Mais a frente surgiu a campanha do “Ele não”. Uma campanha protagonizada por artistas e que ganhou rapidamente destaque da mídia. Passei na guarita e o vi reflexivo, como de costume. Assim que me viu, com um apelo transcendental (acenou com algumas contas) me atraiu até ele, exatamente como as lavouras de sabedoria atraem pequenos gafanhotos famintos de conhecimento...

- Seu Elias, essa campanha do #Elenão está forte, hein? Os famosos que participam não querem o Bolsonaro de jeito nenhum.

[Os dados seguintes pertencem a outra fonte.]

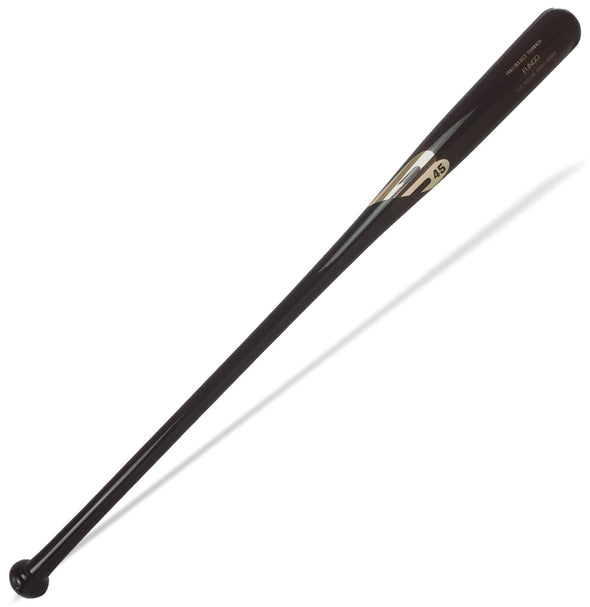 Stock Fungo Yellow Birch Fungo Bat B45 35" All Black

- Mas quem são esses famosos, doutor?

- Daniela Mercury, Bruna Marquezine...

- O Roberto Carlos está no meio? Algum jogador de futebol?

- Não. Aliás, os poucos jogadores que falaram estão com Bolsonaro...

O sábio da Zona Oeste parou, mastigou a bala de menta que eu dei pra ele, e arrematou seco:

- Quem sabe o que o povão gosta está com o Bolsonaro, doutor. Quem veio de baixo e conhece de perto os problemas da periferia também. Os outros tudo bem, "é eles" pra lá, e nós pra cá. Famoso não devolve pra gente o celular que foi roubado no ônibus...

As frases de Elias impactavam e eu percebia que a leitura da vida às vezes é muito mais simples do que parece. Enfim, veio o dia da eleição. Após o resultado desci pra pegar algo no carro e aproveitei pra visitar o porteiro mais politizado do Brasil na guarita. Saudou-me com seu tradicional "Boa noite, meu patrão". Poderia ter tripudiado. Poderia ter dito “não disse que ele ia ganhar?”. Mas, não. Apenas olhou-me de modo calmo, e com um sorriso de Monalisa arrematou: “Agora é que a luta começa de verdade, doutor”.

Vendo o discurso de Bolsonaro na ONU, nesta semana, lembrei-me de seu Elias. Quero saber o que ele achou do discurso. Ontem passei por ele apressado, ele apenas acenou. Um simples aceno de “boa noite” para alguns. Para mim foi mais um “calma, pequeno gafanhoto, calma. A fonte da sabedoria popular jamais secará”.